Thanks Itk!   Yes and unfort., about the time change is we deal with more things (work, activities, etc....) in IL, as we live on the boarder of the Indiana and Illinois stateline.  So now we'll always be an hours ahead of them and now always an hour behind my brothers up in MI.....all so very confusing and a pain but nothing I can do about it except move again and I have no intention of doing that so I'll manage.


----------



## masteraznchefjr (Apr 18, 2006)

i use to have an big island in my old house but we rarely used it, instead we built a smaller kitchen in the basement that sort of ran like an assembly line. a 2 1/2 foot cutting prep area --> small sink --> 3 foot space area to put the prep and already used stuff --> stove, the width of the kitchen was probably 2 people wide. I found the smaller kitchen to be less messy (cause i had little space to make a mess and no messy floors) and quicker clean up and faster getting meals out than when i was in the kitchen with the island, but then agagin its all culture, cause in Taiwan most kitchens are designed small so i'm used to working efficently in a small kitchen.  

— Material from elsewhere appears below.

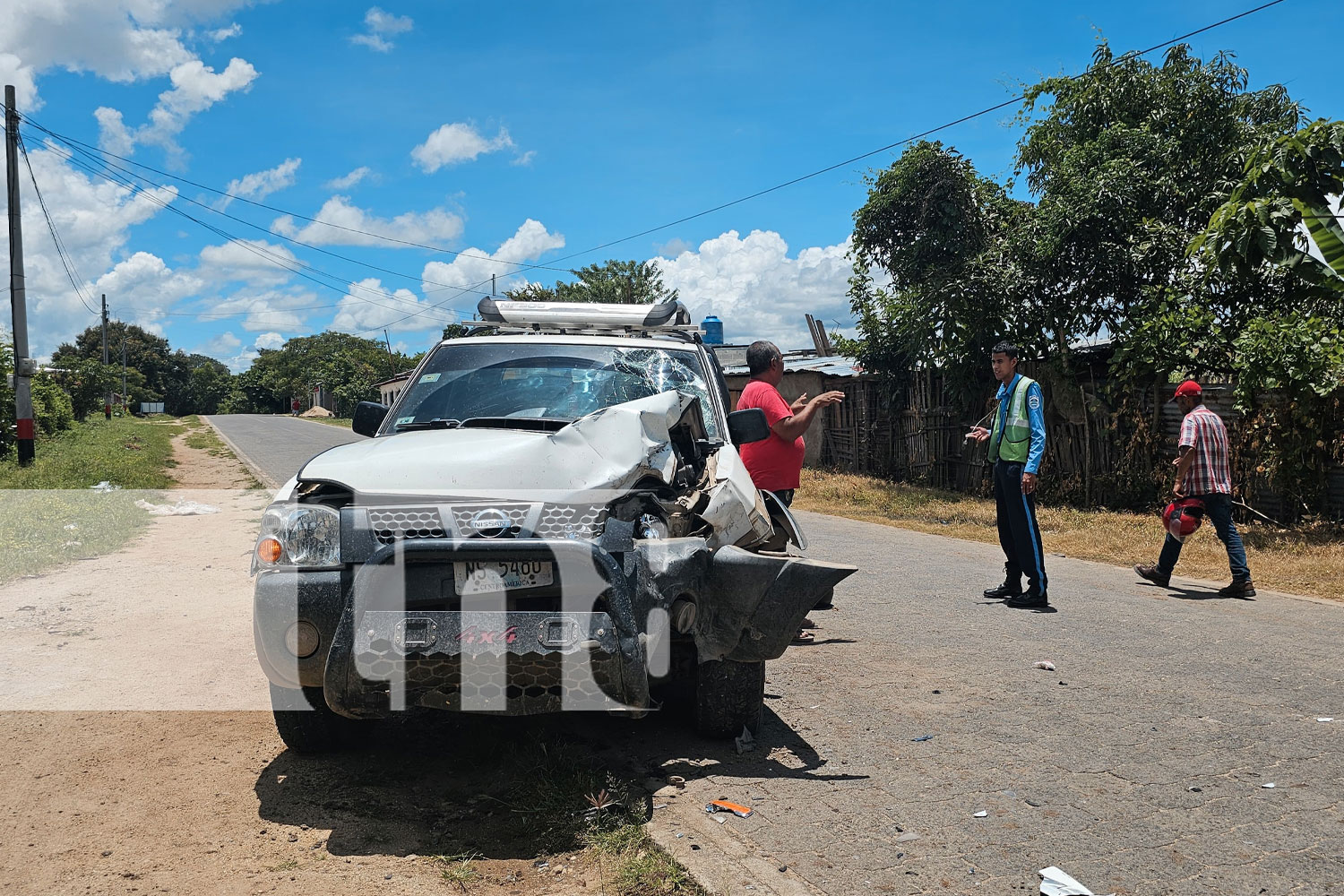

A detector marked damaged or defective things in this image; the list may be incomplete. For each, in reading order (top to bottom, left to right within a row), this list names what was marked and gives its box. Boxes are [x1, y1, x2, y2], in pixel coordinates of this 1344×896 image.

but if it makes you feel nervous cooking in a small area i would get the island that could also accomadate a place to eat. I think home depot > lowes


----------



## mudbug (Apr 18, 2006)

Jr!  where have you been, darlin?  off studying? nice to have you back


----------



## masteraznchefjr (Apr 19, 2006)

mudbug said:
			
		

> Jr! where have you been, darlin? off studying? nice to have you back


 
yup studying lol AP exams are in 2 weeks but o well i think im well prepared


----------



## In the Kitchen (Apr 21, 2006)

masteraznchefjr said:
			
		

> i use to have an big island in my old house but we rarely used it, instead we built a smaller kitchen in the basement that sort of ran like an assembly line. a 2 1/2 foot cutting prep area --> small sink --> 3 foot space area to put the prep and already used stuff --> stove, the width of the kitchen was probably 2 people wide. I found the smaller kitchen to be less messy (cause i had little space to make a mess and no messy floors) and quicker clean up and faster getting meals out than when i was in the kitchen with the island, but then agagin its all culture, cause in Taiwan most kitchens are designed small so i'm used to working efficently in a small kitchen.
> 
> but if it makes you feel nervous cooking in a small area i would get the island that could also accomadate a place to eat. I think home depot > lowes



You justed answered a curiousity I had about my aunt.  She is from Taiwan and when she was here I told her I didn't care for the small kitchen.  Now you just told me they only have small kitchens in Taiwan.  She never mentioned that.  I thought I was just the only one with the problem.  Thanks  Live and learn, if you can wait long enough.

The island in the kichen does make difference.  I am happy I have it.  You sound like you have your kitchen and more to help you with your cooking.  I am happy for you.  Do you have a pantry too?


----------



## Claire (Apr 22, 2006)

Originally, Daylight Savings Time was for farming, to take advantage of the longer days of summer.  Some states don't observe it.  Hawaii is one -- being closer to the equator, days are pretty much the same length year 'round.  Arizona doesn't, and that has a lot to do with Zonies liking to cultivate an independent spirit reputation.  When we travelled through when we were full-timing, Indiana had a hit-or-miss attitude towards it.  Local communities decided whether to honor DST or not.  It was weird.  We'd pull into a campground and have to ask what time it was, and it changed in various places all over the state, even in supposedly the same time zone!  In recent years we've stretched DST on both sides (started it earlier, ended it later), I think the reason given was light later in the day actually makes for less crime.  I think people just like the light later in the evenings.  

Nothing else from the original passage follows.